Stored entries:
______

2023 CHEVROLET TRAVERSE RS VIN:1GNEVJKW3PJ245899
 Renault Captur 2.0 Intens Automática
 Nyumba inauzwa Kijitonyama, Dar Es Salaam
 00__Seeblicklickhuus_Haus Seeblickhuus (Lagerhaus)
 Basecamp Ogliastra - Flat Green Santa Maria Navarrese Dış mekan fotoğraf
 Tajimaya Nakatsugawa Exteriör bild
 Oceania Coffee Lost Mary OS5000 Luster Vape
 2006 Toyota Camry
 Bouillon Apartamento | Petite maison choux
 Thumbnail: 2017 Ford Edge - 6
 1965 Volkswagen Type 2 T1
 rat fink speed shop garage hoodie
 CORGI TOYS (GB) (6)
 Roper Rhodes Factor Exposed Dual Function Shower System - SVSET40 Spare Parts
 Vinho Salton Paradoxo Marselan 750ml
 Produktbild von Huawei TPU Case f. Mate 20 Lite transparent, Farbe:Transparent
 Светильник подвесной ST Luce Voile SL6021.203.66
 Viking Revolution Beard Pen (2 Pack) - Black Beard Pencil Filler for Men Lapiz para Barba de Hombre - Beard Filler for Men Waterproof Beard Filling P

______

Each line above must be returned exactly as written.

### OUTPUT BELOW
2023 CHEVROLET TRAVERSE RS VIN:1GNEVJKW3PJ245899
 Renault Captur 2.0 Intens Automática
 Nyumba inauzwa Kijitonyama, Dar Es Salaam
 00__Seeblicklickhuus_Haus Seeblickhuus (Lagerhaus)
 Basecamp Ogliastra - Flat Green Santa Maria Navarrese Dış mekan fotoğraf
 Tajimaya Nakatsugawa Exteriör bild
 Oceania Coffee Lost Mary OS5000 Luster Vape
 2006 Toyota Camry
 Bouillon Apartamento | Petite maison choux
 Thumbnail: 2017 Ford Edge - 6
 1965 Volkswagen Type 2 T1
 rat fink speed shop garage hoodie
 CORGI TOYS (GB) (6)
 Roper Rhodes Factor Exposed Dual Function Shower System - SVSET40 Spare Parts
 Vinho Salton Paradoxo Marselan 750ml
 Produktbild von Huawei TPU Case f. Mate 20 Lite transparent, Farbe:Transparent
 Светильник подвесной ST Luce Voile SL6021.203.66
 Viking Revolution Beard Pen (2 Pack) - Black Beard Pencil Filler for Men Lapiz para Barba de Hombre - Beard Filler for Men Waterproof Beard Filling P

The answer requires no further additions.